▶ The data:
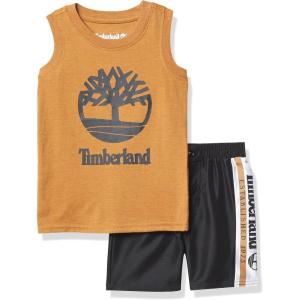 imageTimberland babyboys 2 Pieces Muscle Top Shorts SetBrown SugarDeep Black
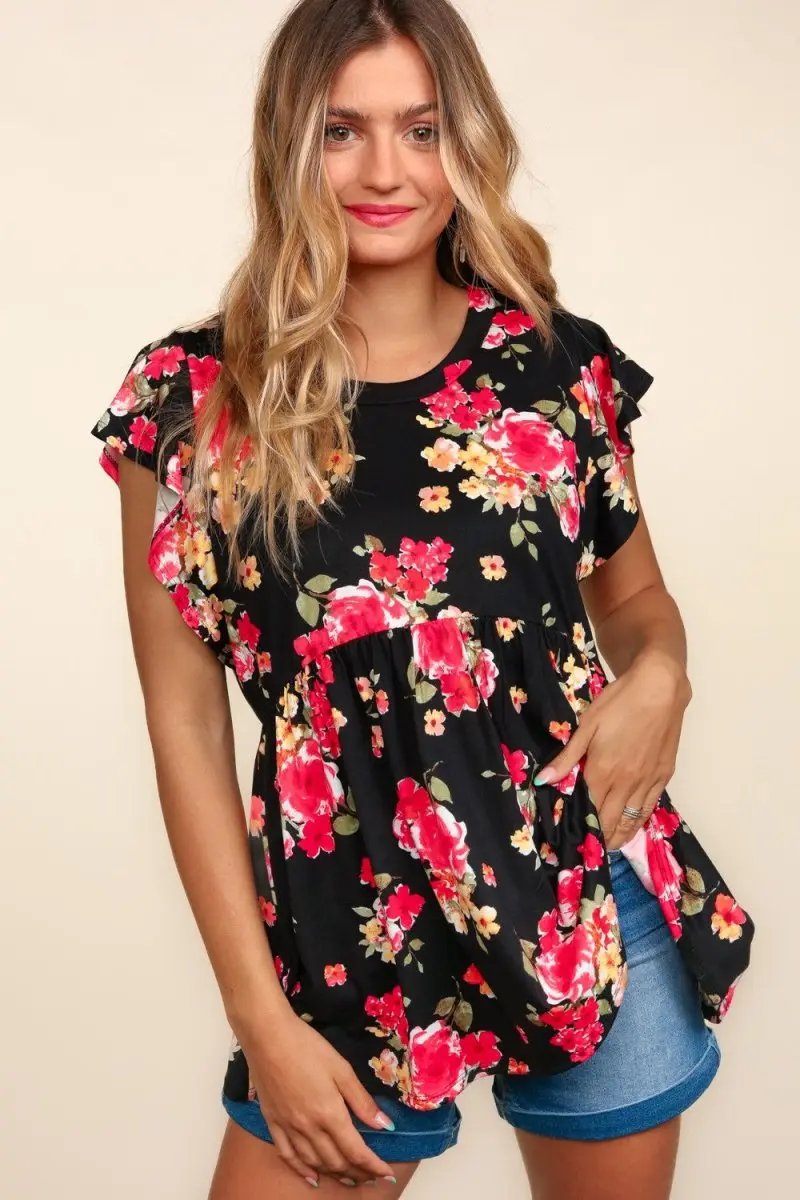 Haptics Floral Ruffle Short Sleeve Babydoll Top for Women - Love Salve 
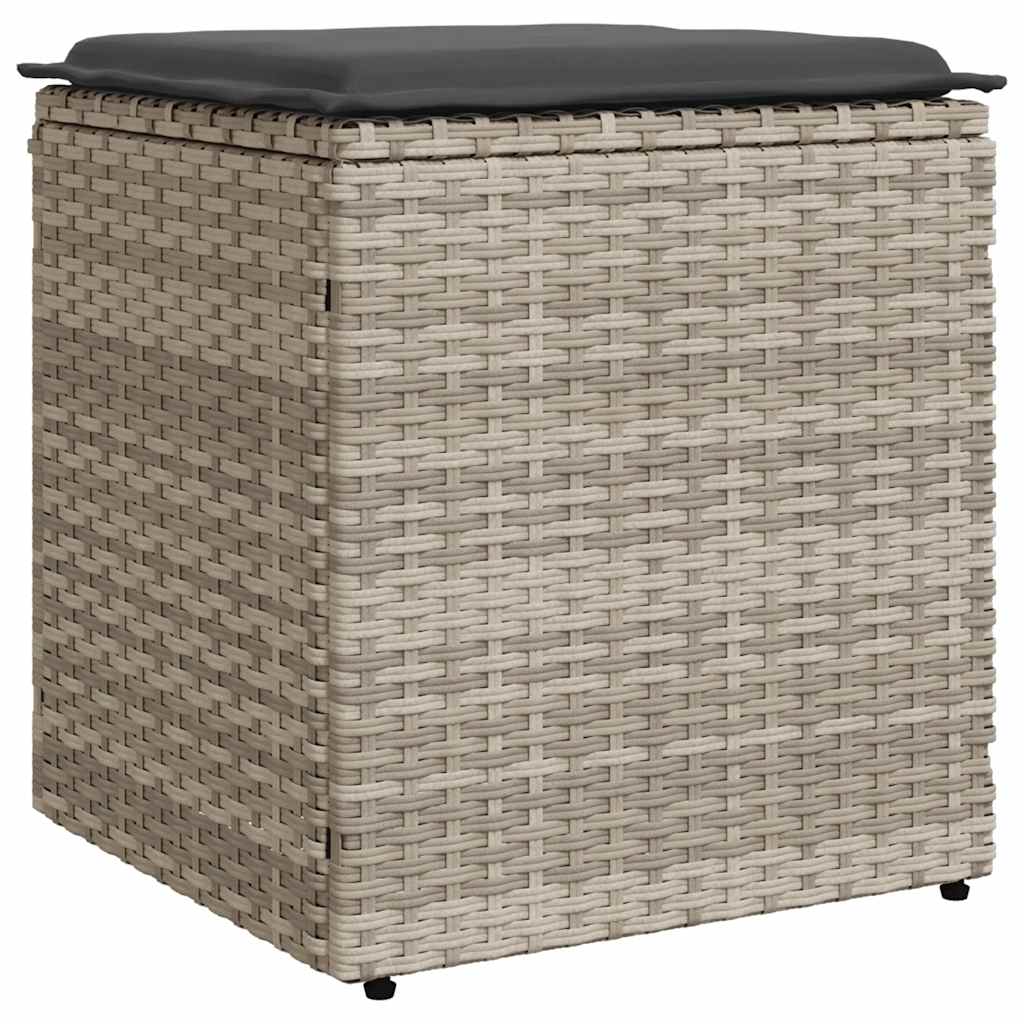 2 db világosszürke polyrattan kerti szék párnával 40x40x43 cm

▶ Exercise description:
Write out exactly the lines from the line that contains "Haptics Floral Ruffle" through the end of the material, including both ends. No pictures belong in the copy.

▶ Answer section:
 Haptics Floral Ruffle Short Sleeve Babydoll Top for Women - Love Salve 
 2 db világosszürke polyrattan kerti szék párnával 40x40x43 cm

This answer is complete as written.